Imagine that your chief executive officer summons you to a meeting of the bank's senior managers. At precisely 8 a.m., he or she strides in and, totally expressionless, steps to the podium and begins to speak to a room that is suddenly very quiet.

"Good morning. I appreciate your coming on such short notice. The news I bare is important to each of you in this company. For the last several months, we have been considering the market forces of the banking industry--and the strategic direction we should take for the benefit of our shareholders. It has become clear to us that if we are to survive as a profitable competitor, we must be a much larger company.

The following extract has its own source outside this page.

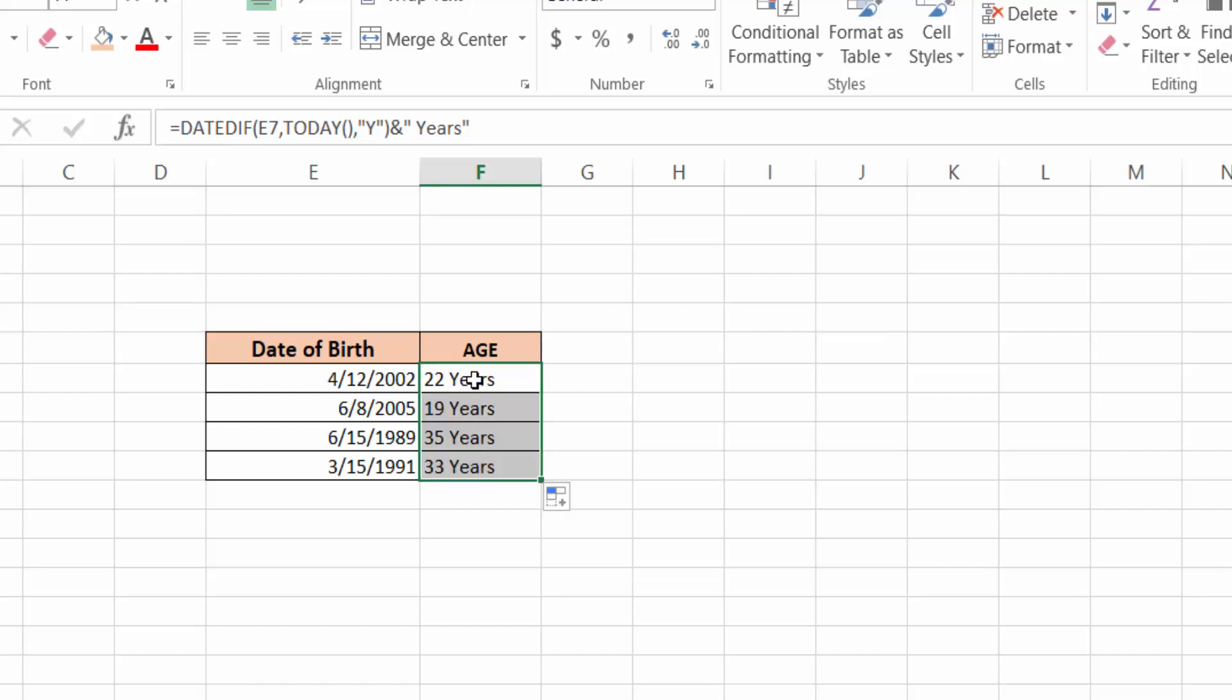Now you see all cells are calculated with their ages. So in this way, you can calculate the age from date of birth in Microsoft Excel. I hope you enjoyed this video. Thanks for watching and don't forget to subscribe to my channel. Thank you.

"Accordingly, I am announcing that First Inter-galactic Bank and our own company have signed a definitive agreement to merge our two great companies ...."

Your CEO then starts to explain the advantages and timetable of the merger. But while he is speaking, imagine what your thoughts would be. It's immediately clear to you that First Inter-galactic is the acquirer and you're the acquiree. Merger is just a nice way of saying your company has been sold. How would you honestly feel? Angry? Frightened? Psychologists say that during a merger, people go through a series of emotions much the same as we do with any major change, such as divorce or death of a loved one.

Maybe you or I will never attend a meeting like the one I described--but don't count on it. We're about to enter the final phase of banking consolidation, which will combine many regional banks into a few truly national companies. We'll see some huge mergers creating $300 billion banking companies. Eventually, 10 to 15 national banks will become household names, controlling perhaps 50% to 80% of the nation's banking business.

Obviously, these mergers will change the face of our industry, but the continuing consolidation of banking is only one piece of what we have to do to prepare for the next millennium--and it's hardly futuristic stuff. We're just catching up with what the economics of the market have demanded all along. In fact, our industry is playing a lot of catch-up these days because we've been focusing on the wrong things.

Obsessed With Washington

Part of the problem has been our preoccupation with Washington. That's understandable--Washington is always good drama, and it's heartening to see Congress finally take national interstate branching and other so-called reform seriously. But now it's time to forget about Washington, and to stop wasting our energies with a whiny "poor us" attitude about regulation and all the things we can't do. We can sit around and bellyache about unfair regulation forever and it's not going to help much. We need to focus instead on the marketplace--and what we can do to control our own destiny.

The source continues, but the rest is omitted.